"Une responsabilité sans équivoque": un juge accuse Bolsonaro un an après les émeutes au Brésil

Le 8 janvier 2023, des milliers de sympathisants de Jair Bolsonaro attaquaient les lieux de pouvoir à Brasilia. Un an après, le juge de la Cour suprême brésilienne Gilmar Mendes pointe un doigt accusateur vers l'ex-président d'extrême droite.

Sa "responsabilité politique est sans équivoque", déclare le juge à l'AFP, au cours d'un entretien dans son bureau du Tribunal suprême fédéral (STF).

Une semaine après l'investiture du président de gauche Luiz Inacio Lula da Silva, revenu au pouvoir après avoir battu d'une courte tête leur champion, ces manifestants avaient envahi la place des Trois pouvoirs, centre névralgique de la capitale où se côtoient l'exécutif, le législatif et le judiciaire.
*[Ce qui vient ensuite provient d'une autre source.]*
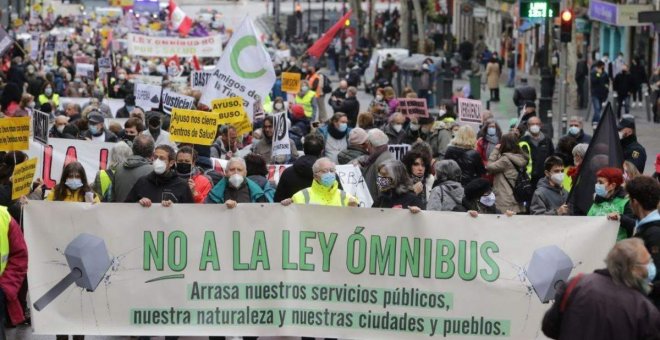 Protesta contra la Ley Ómnibus, a un paso de ser aprobada con el rodillo PP-Vox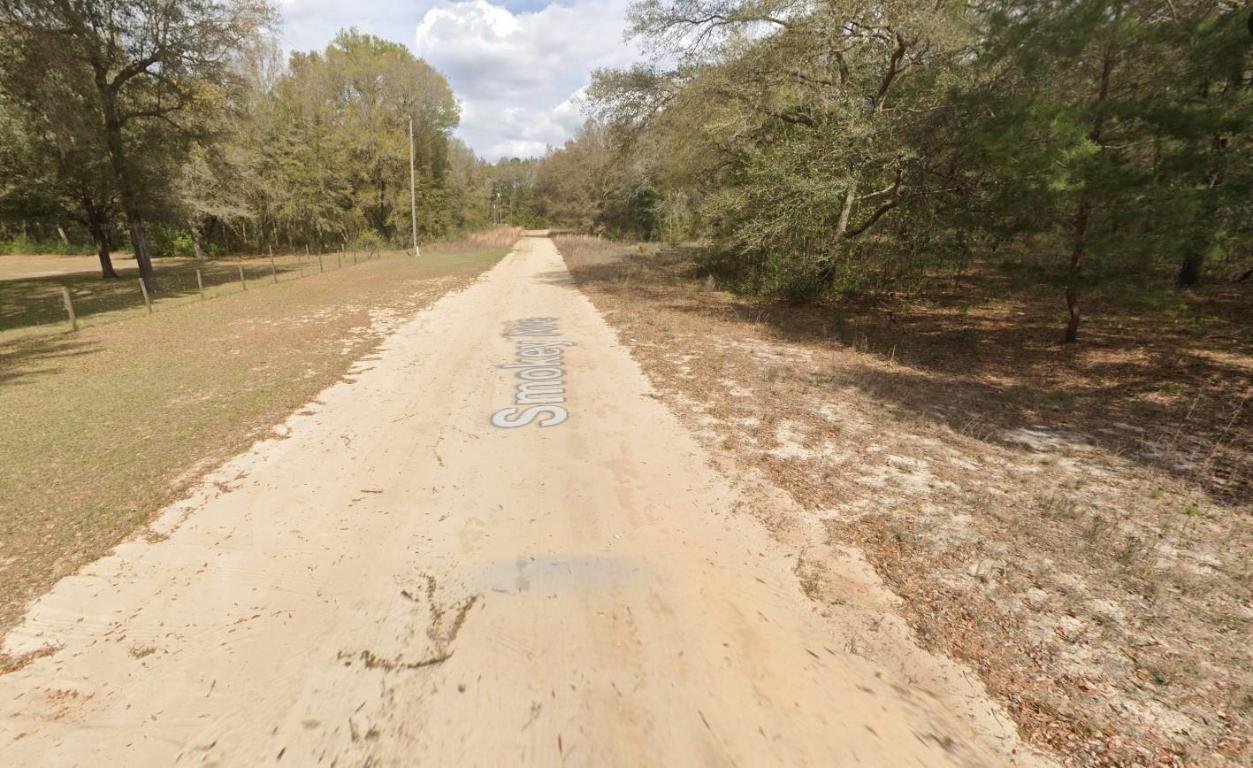 INTERLACHEN LAKES ESTATES - Land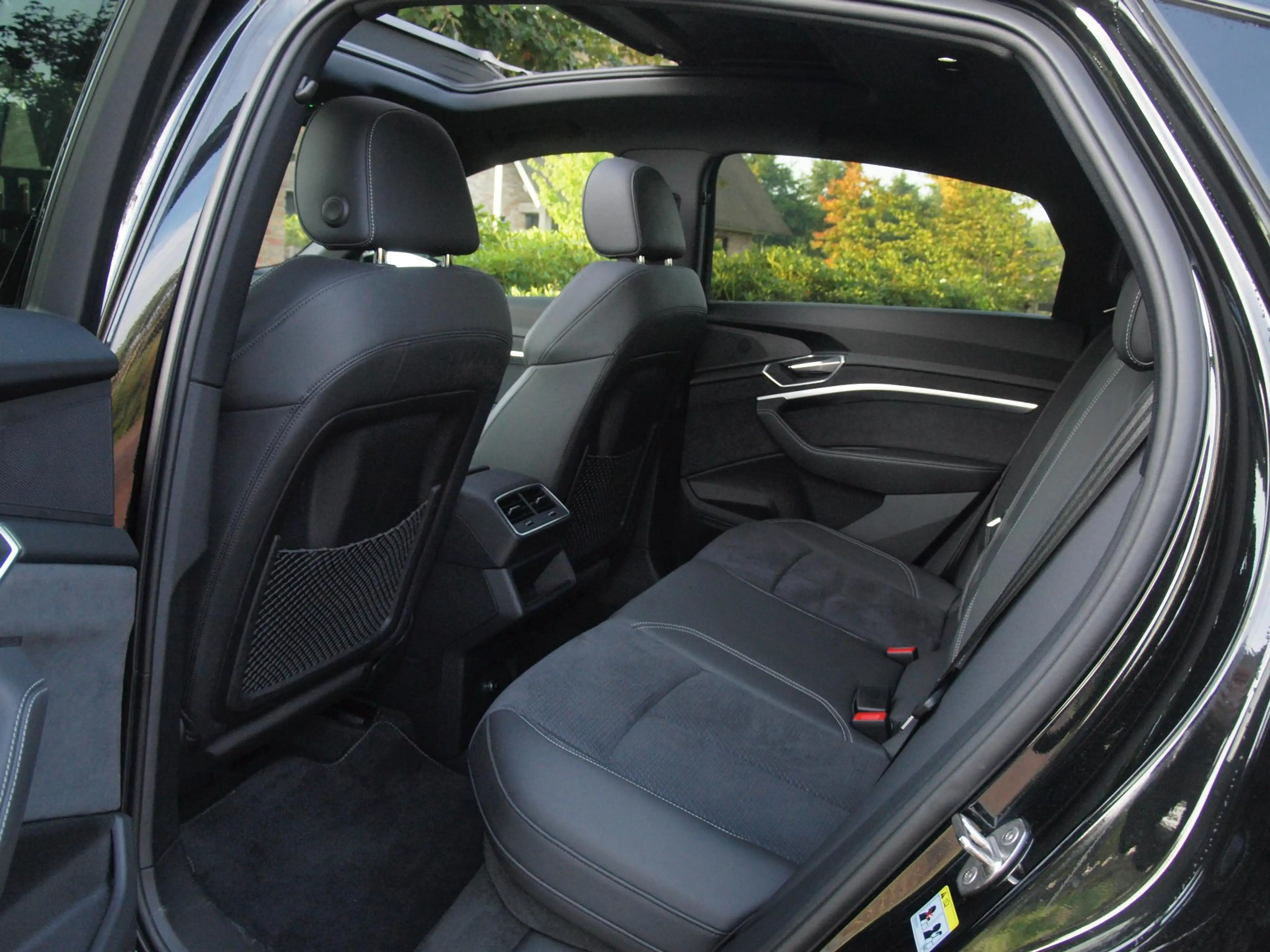 Audi e-tron Sportback 55 quattro S edition 95 kWh | Panoramada — photo 30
Ils avaient attaqué et saccagé les bâtiments de la présidence, du Congrès et de la Cour suprême, réclamant une intervention militaire.

Une "faille dans l'évaluation" des risques

Des scènes saisissantes qui avaient rappelé l'assaut du Capitole à Washington par des partisans de Donald Trump le 6 janvier 2021. S'il pointe le rôle "politique" de l'ancien président brésilien, Gilmar Mendes, doyen de la Cour suprême âgé de 67 ans, se garde bien de se prononcer sur sa "responsabilité juridique", une question cruciale "en cours d'examen".

Jair Bolsonaro, déclaré inéligible pour huit ans en juin dernier, fait l'objet d'une enquête du STF comme possible instigateur et auteur intellectuel des attaques du 8 janvier. Il se trouvait alors aux États-Unis et a toujours nié toute responsabilité.

Mais, pour le juge Mendes, son gouvernement (2019-2022) "encourageait un certain type d'anarchie, notamment parmi les forces policières".

"Je crois même que les militaires n'ont pas évacué les envahisseurs" le 8 janvier "car il existait une certaine forme d'incitation de la part de la présidence de la République elle-même", affirme le magistrat, qui occupe l'un des onze sièges de la haute juridiction depuis 2002.

Gilmar Mendes déjeunait à Lisbonne avec son ami Nuno Piçarra, un juge du Tribunal de justice de l'Union européenne, quand lui est parvenue la nouvelle des débordements en cours à Brasilia.

Aussitôt, il quitte son rendez-vous et contacte trois personnes: Alexandre de Moraes et Rosa Weber, deux de ses collègues de la Cour, et le tout nouveau ministre de la Sécurité, Flavio Dino.

"Personne ne savait vraiment la dimension de ce qui était en train de se passer", se souvient le juge, qui décide de rentrer au Brésil.

"Les services de renseignements étaient encore aux mains de personnes qui venaient du gouvernement antérieur", raconte-t-il, estimant que certaines "informations" ne sont pas parvenues aux nouvelles autorités. Selon lui, "il y a certainement eu une sorte de faille dans l'évaluation" des risques.

La "propagande" Bolsonaro

Les attaques ont été l'aboutissement de l'opération d'"intimidation" subie par la justice lors de la présidentielle, analyse le doyen. Jair Bolsonaro n'a cessé de critiquer, sans preuves, un présumé manque de transparence du système de vote électronique durant la campagne - un discours qui lui a valu en juin son inéligibilité.

Le gouvernement "savait" pourtant que "le système était immunisé contre la fraude", dit le juge, parvenu à maintenir le dialogue avec Jair Bolsonaro sous son mandat.

Le camp Bolsonaro "cherchait un prétexte" pour annuler les élections "en cas de résultat défavorable", assure-t-il.

La Cour suprême a été l'une des principales cibles du président d'alors, furieux des investigations menées contre lui.

L'image négative de la haute cour auprès des sympathisants bolsonaristes perdure d'ailleurs: la réprobation atteint 65%, selon l'institut de sondages Datafolha. Le 8 janvier, le siège de la Cour est celui qui a subi le plus de dégâts.

"Il y a eu beaucoup plus de rage et de haine contre la Cour suprême. Cela montre que la propagande a porté ses fruits", relève Gilmar Mendes.

Aujourd'hui, c'est le STF qui juge les responsables de cette journée historique.Parmi les 2.170 personnes arrêtées, 30 ont déjà été condamnées pour divers crimes, dont tentative de coup d'État, à des peines allant jusqu'à 17 ans de prison. Au total, 66 personnes restent en prison.

Le magistrat assure que désormais "le système politique est davantage en alerte" pour parer aux menaces. Toutefois, "il est certain que nous devons faire des réformes sur le rôle des forces armées et la politisation qui est survenue". Sous l'ère Bolsonaro, de nombreux militaires occupaient des postes civils.